Guidance published by the Department of Health in 2003 stated that a police station is not suitable accommodation, but if there is no alternative available children should be made comfortable and given access to food, drink and toilet facilities. If police decide to place a child with relative or other carer they must undertake basic checks: Police National Computer, sex offender registry and child protection register in regard to the proposed carers.

While under police protection, children must be allowed contact with their parents if it is appropriate and in their best interests. If a child is placed in local authority care, the responsibility for organising contact falls to the local authority rather than the police. The police protection provisions do not allow the local authority or police to gain parental responsibility, which remains with the parents or guardians.

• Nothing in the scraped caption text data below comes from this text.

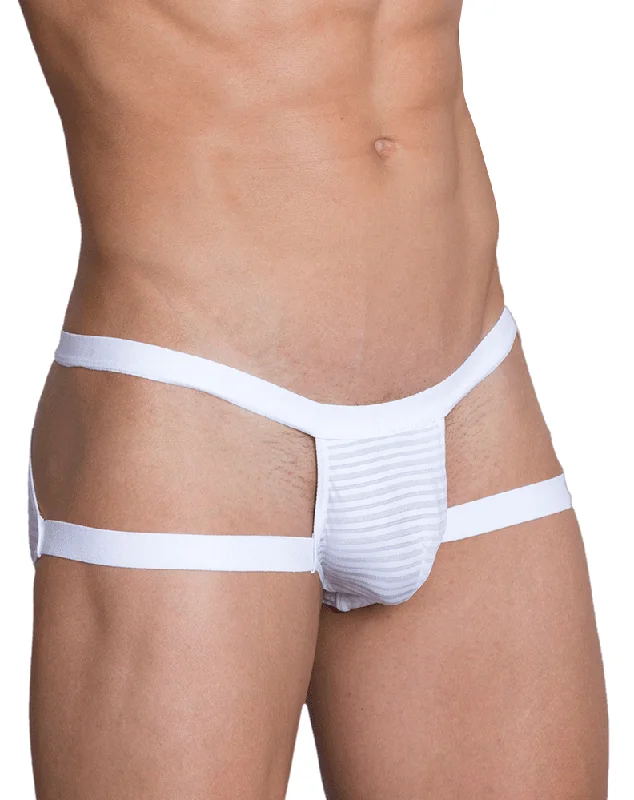 Patterned men's briefs with unique printsHidden 958 Open Side Briefs White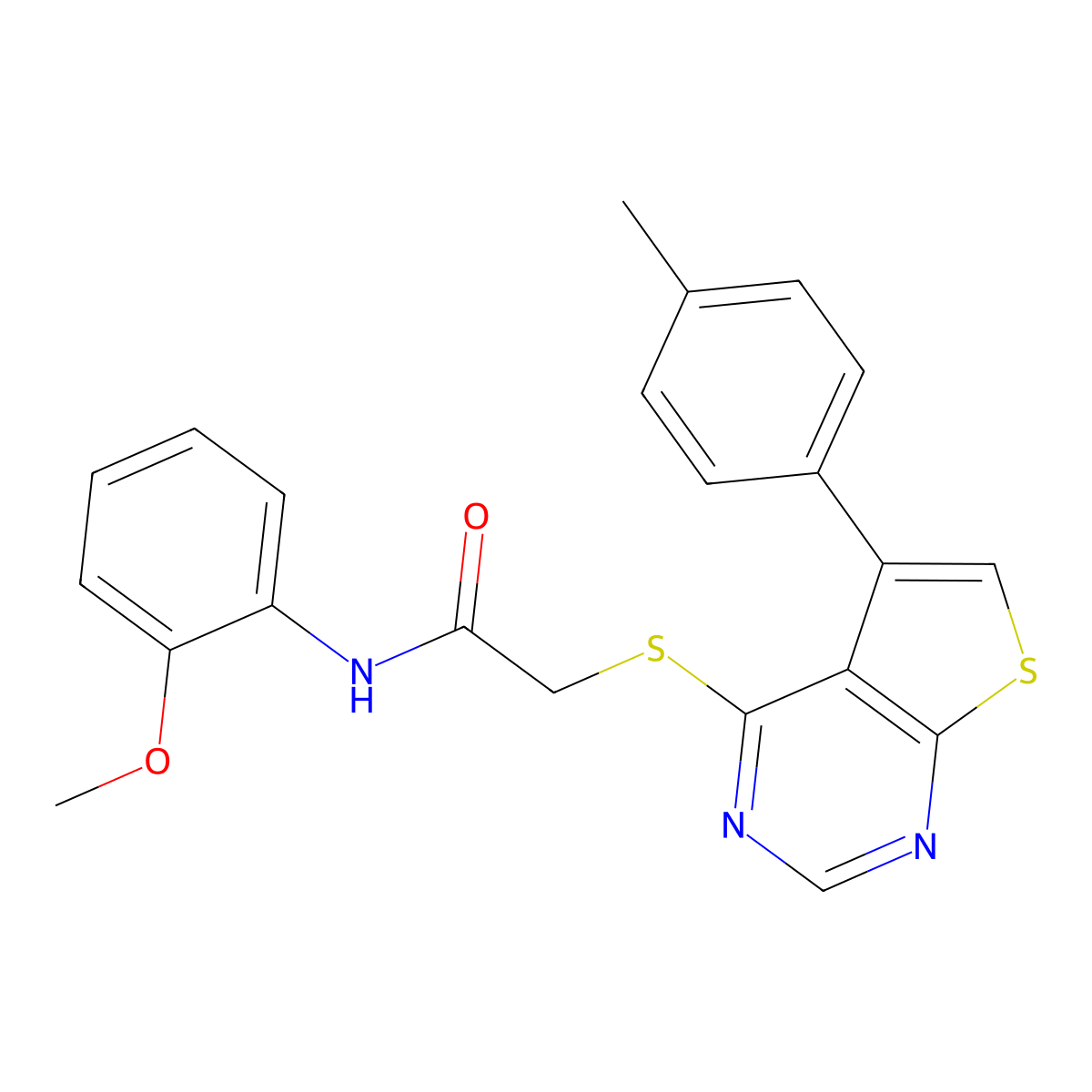 N-(2-methoxyphenyl)-2-{[5-(4-methylphenyl)thieno[2,3-d]pyrimidin-4-yl]sulfanyl}acetamide molecular structure, CAS 578002-64-9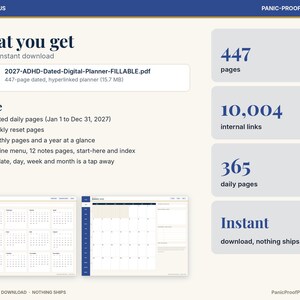 May include: A digital planner titled 2027-ADHD-Dated-Digital-Planner-FILLABLE.pdf featuring 447 pages, 10,004 internal links, and 365 dated daily pages. The layout includes monthly calendars, weekly reset pages, a dopamine menu, and notes pages in a cream and dark blue color scheme.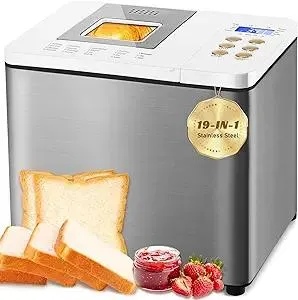19-in-1 Smart Dual Heaters Bread Maker With Heat-Conductive Nonstick Ceramic Pan, Quiet Bread Machine with 15H Timer & 1H Keep Warm, Stainless Steel BreadMaker with French, Gluten-Free,Sourdough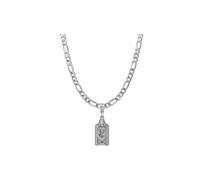Colgante de plata de ley (92,5 % de pureza) de Dios Tirupati Bala Ji (colgante con cadena Figaro de 22 pulgadas) para hombres y mujeres de plata pura, medallón de cadena Bala Ji para buena salud y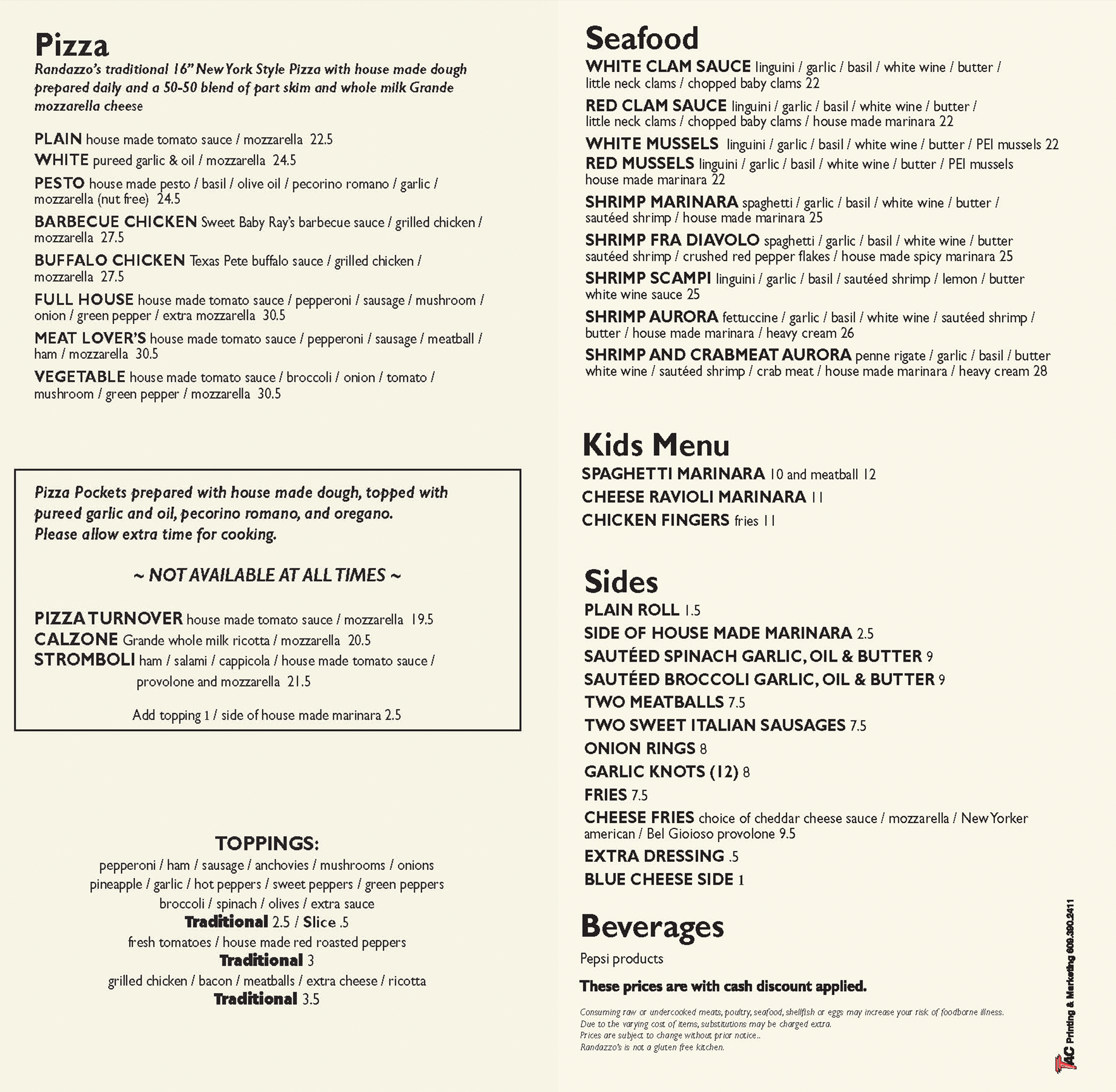 Menu listing various pizzas, seafood dishes, kids menu, sides, and beverages with prices.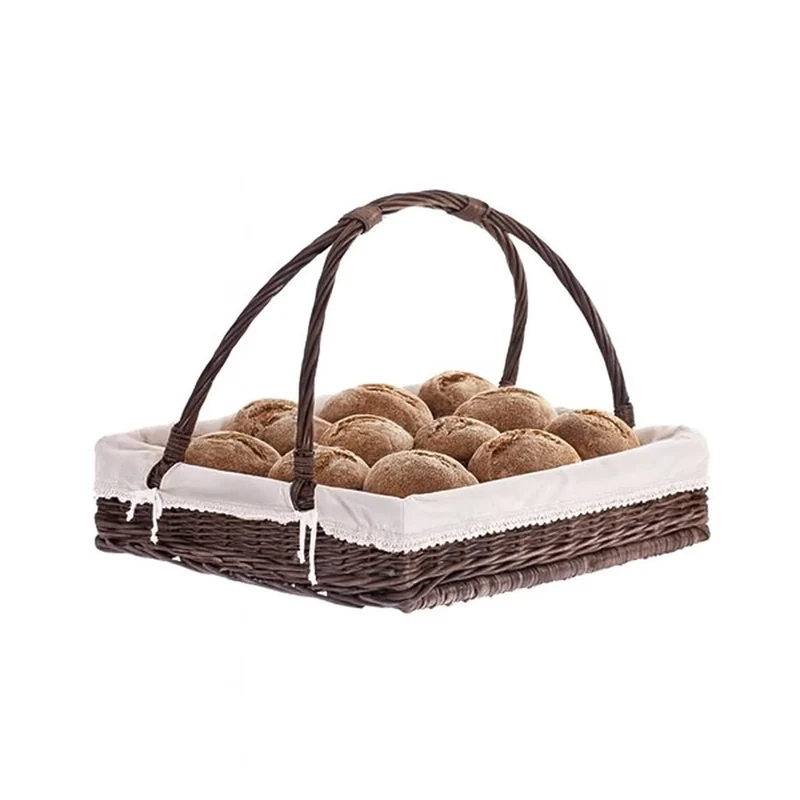Allium wicker serving basket with beige trim and handle by TheWickerStories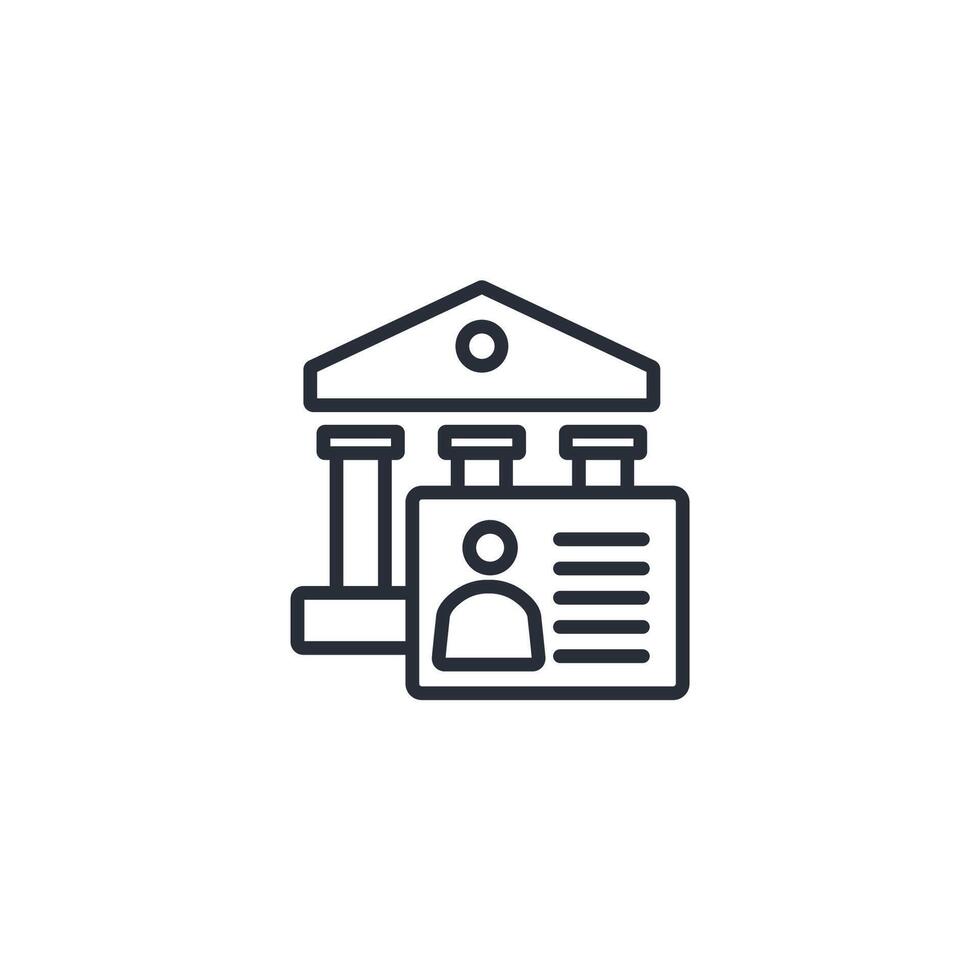 bank account icon. .Editable stroke.linear style sign for use web design,logo.Symbol illustration. vector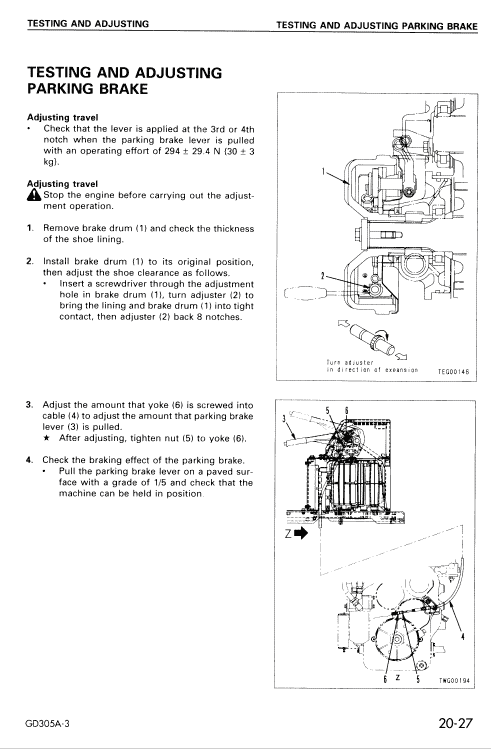 Komatsu Gd305a-3 Motor Grader Service Manual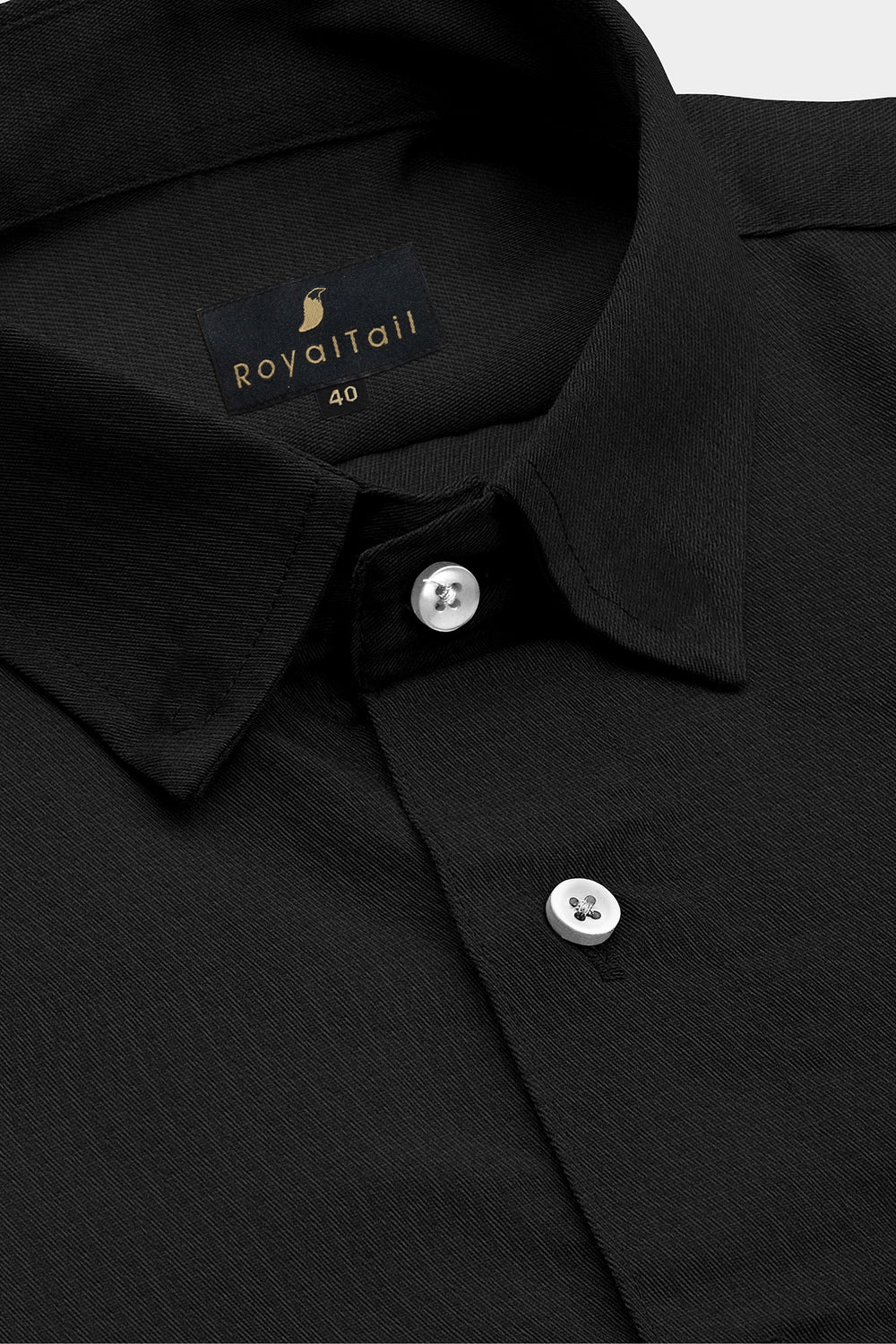 Men's Black Solid Cotton Shirt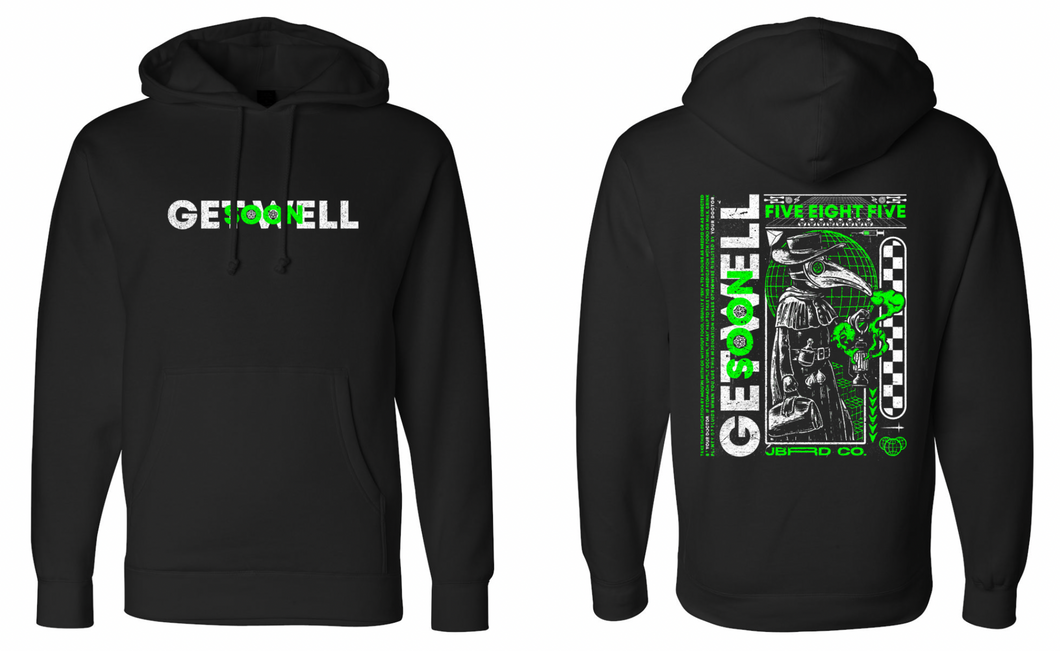 GET WELL SOON HEAVYWEIGHT HOODIE - BLACK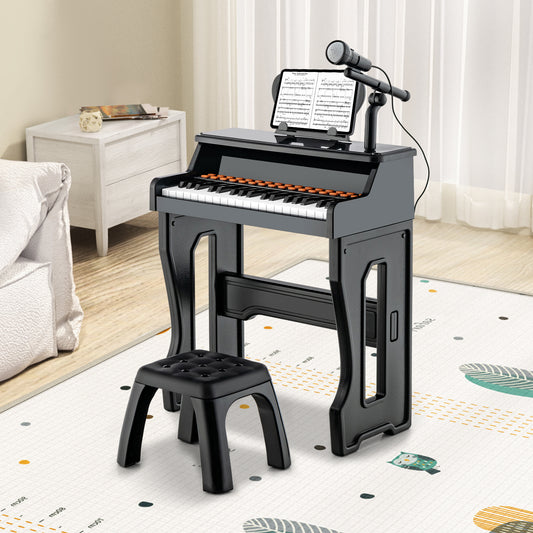 37-Key Kids Piano Keyboard with Mic & Stool | Black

During the 72 hours, the police officer responsible for executing their powers should inform the "designated officer". A designated officer should be allocated to each police force to deal with these emergency child safeguarding cases and to liaise with local authorities. The police should also inform the child's parents of the situation and help the child to understand what is happening and ascertain their wishes and views.

Whilst a child is subject to police protection, the designated officer has a duty to review the case regularly for the full period the child is under police protection; even if the child has been accommodated elsewhere. If the designated police officer changes during this period, this must be endorsed on the police protection form.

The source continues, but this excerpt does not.